*** Provided data ***

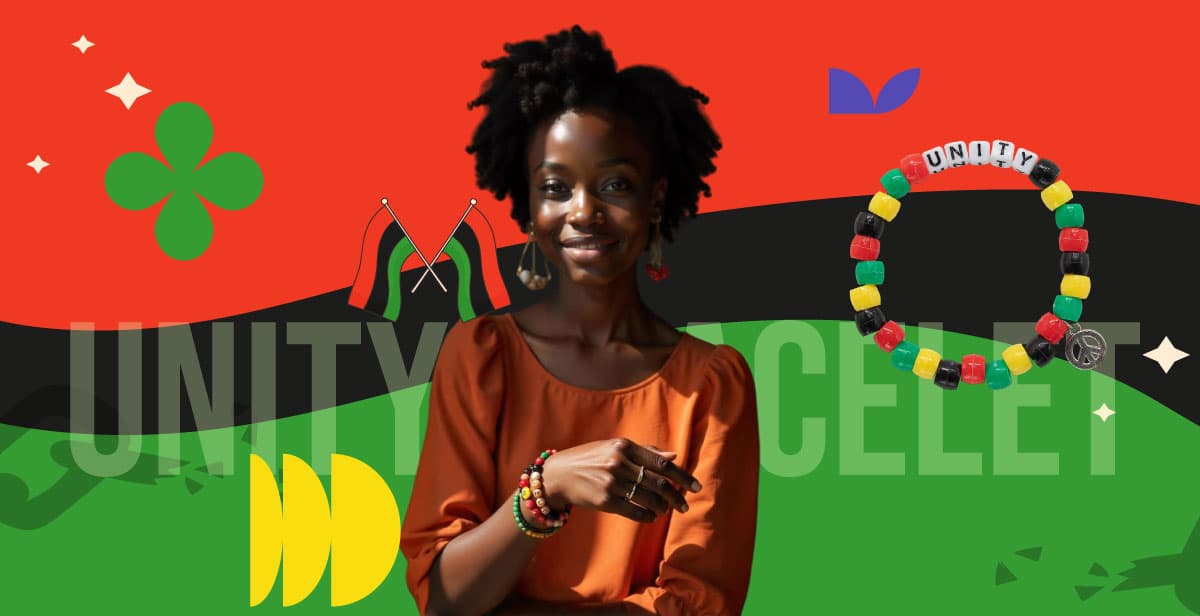 Virtual Unity Bracelet Making – Wear Your Symbol!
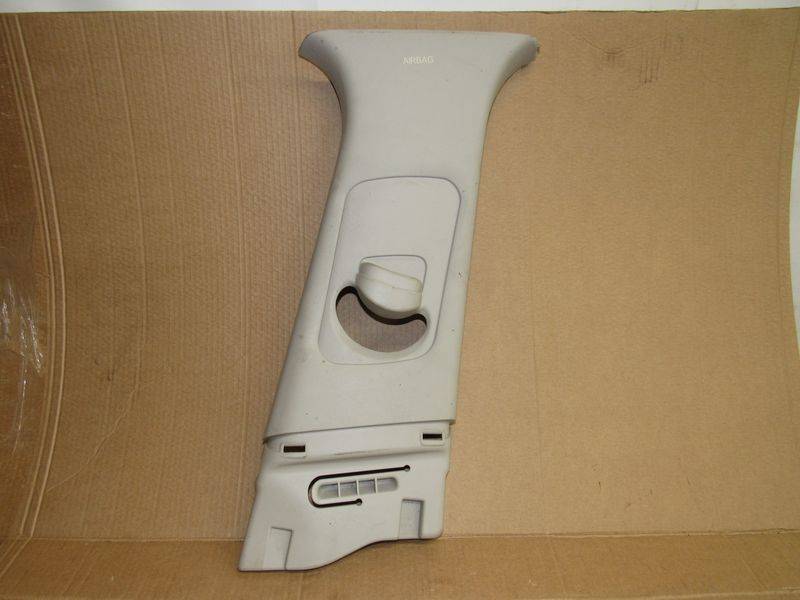 обшивка стойки центральной правой Hyundai Tucson 4 поколение 2022 - фото №1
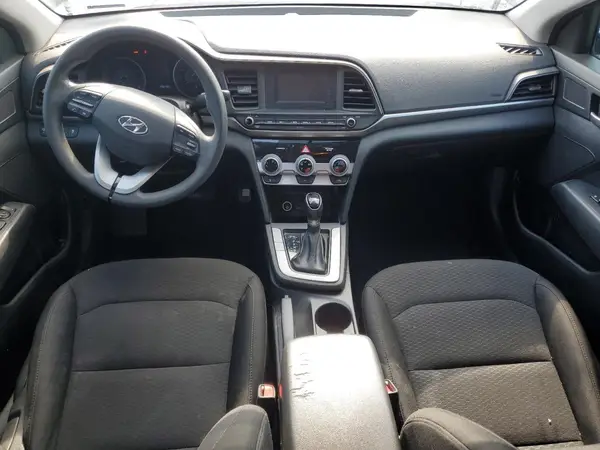 5NPD74LF2KH455796 2019 HYUNDAI ELANTRA - Image 8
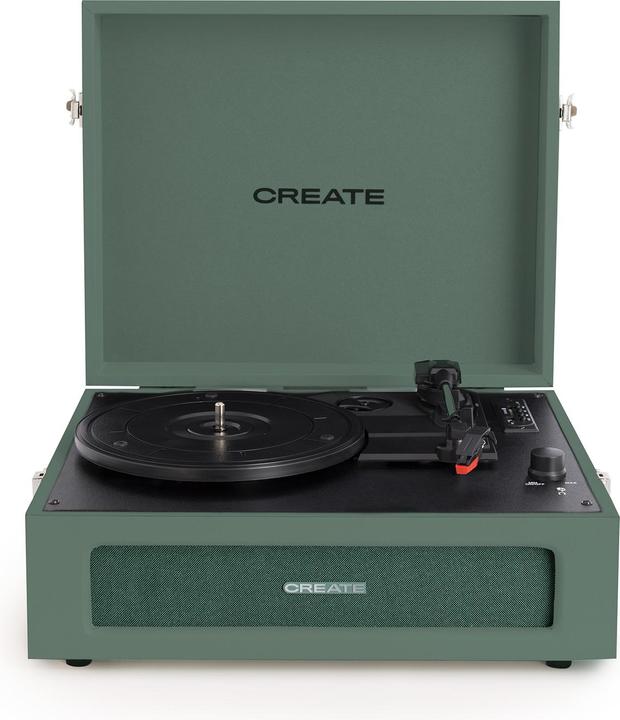 Immagine prodotto Create Record Player Compact (Semi-automatico)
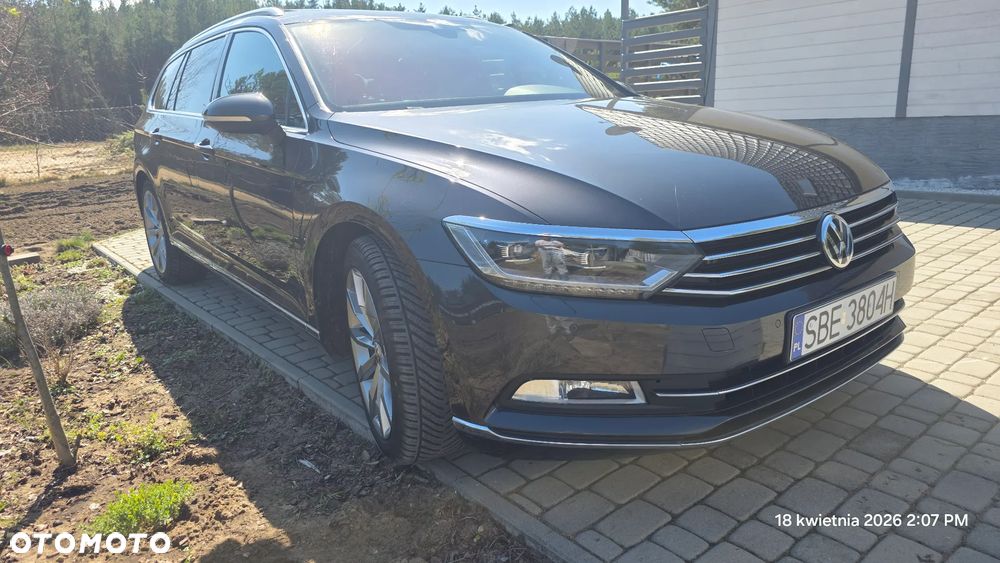 Volkswagen Passat 2.0 TDI SCR DSG Highline - 4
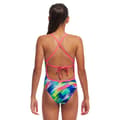 Miniatyrbild 2 av 5: Funkita Tie Me Tight Baddräkt  12 Years Flicka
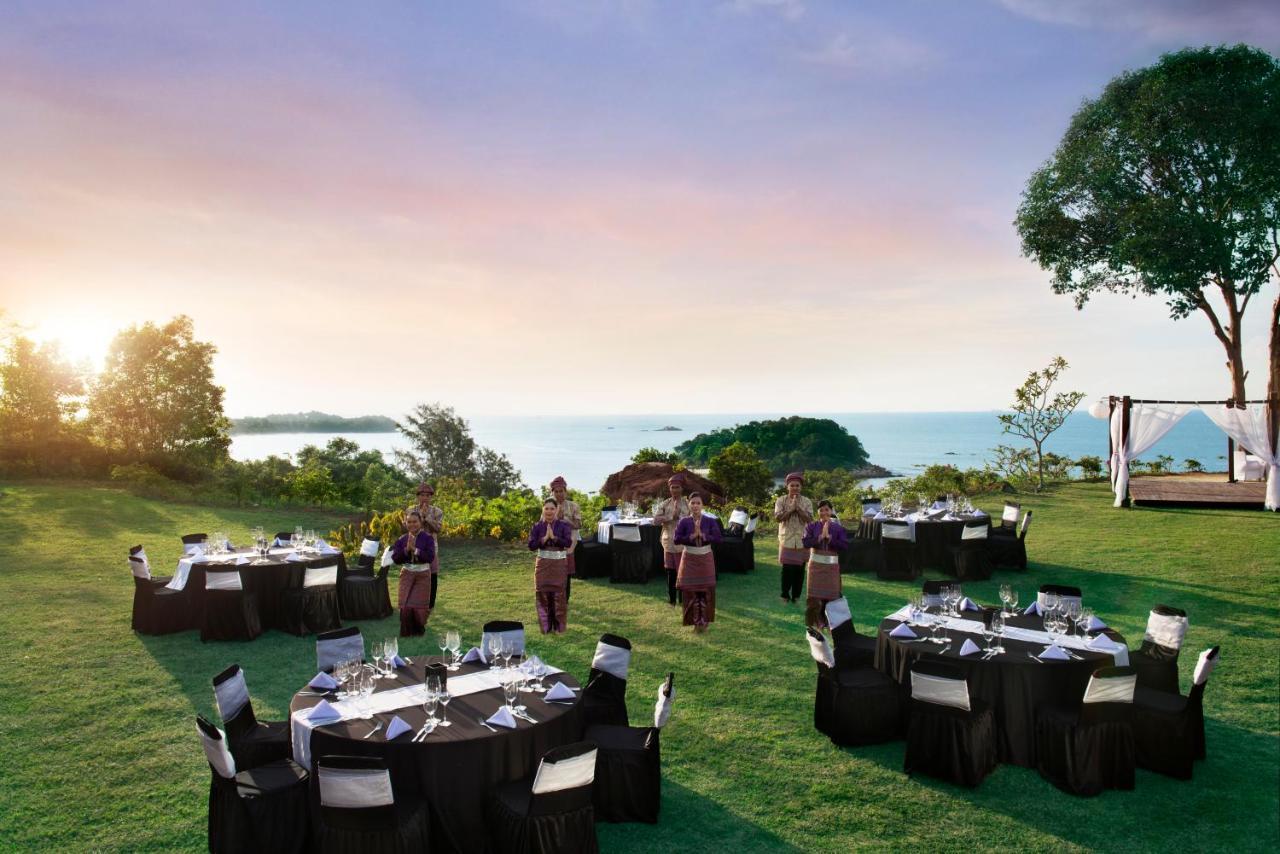 บันยันทรี บินตัน Hotel ลาไก ภายนอก รูปภาพ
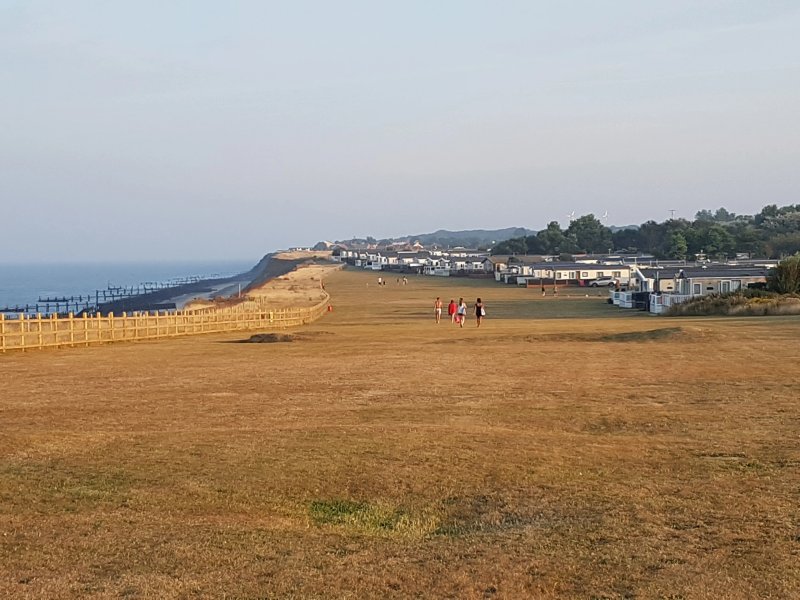 Broadland Sands Holiday Park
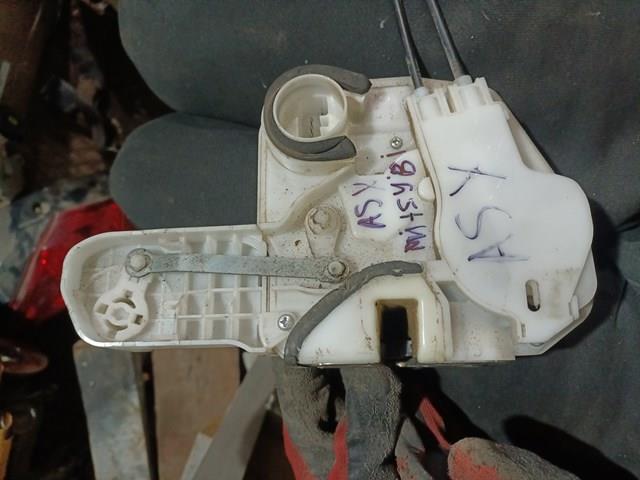 Fecho da porta dianteira esquerda Mitsubishi ASX  GA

*** End of Provided data ***

* [Task item]: Put down exactly the lines of the data above that run from its first line through the line bearing "Volkswagen Passat 2.0", and no pictures.

* [Solution for this exercise]:
 Virtual Unity Bracelet Making – Wear Your Symbol!
 обшивка стойки центральной правой Hyundai Tucson 4 поколение 2022 - фото №1
 5NPD74LF2KH455796 2019 HYUNDAI ELANTRA - Image 8
 Immagine prodotto Create Record Player Compact (Semi-automatico)
 Volkswagen Passat 2.0 TDI SCR DSG Highline - 4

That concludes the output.